National Football League
In 2005, he moved from the Titans to NFL Europe, where he played for the Amsterdam Admirals. He was a major part of the Admirals victory that year in the World Bowl XIII. He was also a member of the All-NFL Europe League team in 2005. Payton was the Titans third running back for the 2005 season, finishing the season with 33 carries for 105 yards and 2 touchdowns.

Payton was released prior to the 2006 season by the Titans during final cuts.

Canadian Football League
On February 22, 2007 it was announced that Payton had signed a one-year contract with the Montreal Alouettes of the CFL. He scored his first career CFL touchdown on August 2, 2007 against Toronto. Jarrett's first 100-yard rushing game came on August 9, 2007, when he rushed the ball 20 times for 160 yards and one touchdown against the Calgary Stampeders. Payton finished the season fifth in the CFL with 852 yards and fourth with eight rushing touchdowns. Payton was released by the Alouettes on July 2, 2008.

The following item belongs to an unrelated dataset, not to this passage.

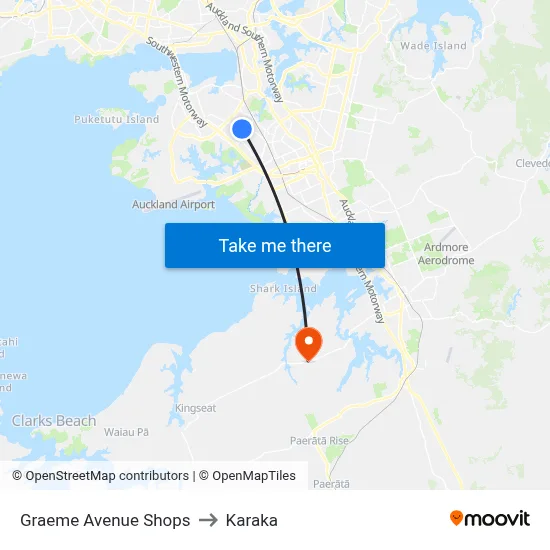 Graeme Avenue Shops to Karaka map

Payton signed with the Toronto Argonauts on June 7, 2009. He was released by the Argonauts, at his request, on September 9, 2009. During his time with the Argos he gained 47 all-purpose yards on three catches and seven carries. He announced that his desire was to continue work with the Chicago-based Walter & Connie Payton Foundation, which helps underprivileged children.

Personal
Payton is the son of Walter Payton, the former Chicago Bears running back great, and grew up in Arlington Heights, Illinois and South Barrington, Illinois. He has a sister, Brittney. In 1993, 12-year-old Jarrett gave the induction speech at his father's induction to the Pro Football Hall of Fame.

He wore jerseys numbered 33, 4 (Titans), and 34 (Miami). Payton chose 33 when he played with the Titans because #34 was retired in honor of Earl Campbell.  

Apart from playing football, Payton spends his time recording music. He married the former Trisha George on March 4, 2009 in Florida. The wedding date was intentionally set on this date to coincide with Walter Payton's famous #34 with the Bears.  They held their reception at Soldier Field in Chicago on March 7. The couple has two children, son Jaden and daughter Madison.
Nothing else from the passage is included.